**Problem description**
The lines from the top of the data down to the line with "90 Cherry Lane, Wolumla NSW 2550" should be repeated exactly, both ends included.

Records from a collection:
---
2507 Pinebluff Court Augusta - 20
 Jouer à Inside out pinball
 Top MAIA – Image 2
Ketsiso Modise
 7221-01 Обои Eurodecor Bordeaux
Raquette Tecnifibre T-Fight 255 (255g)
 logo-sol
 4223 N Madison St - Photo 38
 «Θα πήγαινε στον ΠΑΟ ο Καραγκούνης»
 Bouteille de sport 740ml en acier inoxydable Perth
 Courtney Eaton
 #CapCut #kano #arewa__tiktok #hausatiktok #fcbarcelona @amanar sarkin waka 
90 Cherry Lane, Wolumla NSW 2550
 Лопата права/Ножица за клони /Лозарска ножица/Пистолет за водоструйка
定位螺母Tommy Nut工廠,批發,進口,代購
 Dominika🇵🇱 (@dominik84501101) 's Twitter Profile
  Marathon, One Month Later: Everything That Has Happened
---
**Solved exercise**
2507 Pinebluff Court Augusta - 20
 Jouer à Inside out pinball
 Top MAIA – Image 2
Ketsiso Modise
 7221-01 Обои Eurodecor Bordeaux
Raquette Tecnifibre T-Fight 255 (255g)
 logo-sol
 4223 N Madison St - Photo 38
 «Θα πήγαινε στον ΠΑΟ ο Καραγκούνης»
 Bouteille de sport 740ml en acier inoxydable Perth
 Courtney Eaton
 #CapCut #kano #arewa__tiktok #hausatiktok #fcbarcelona @amanar sarkin waka 
90 Cherry Lane, Wolumla NSW 2550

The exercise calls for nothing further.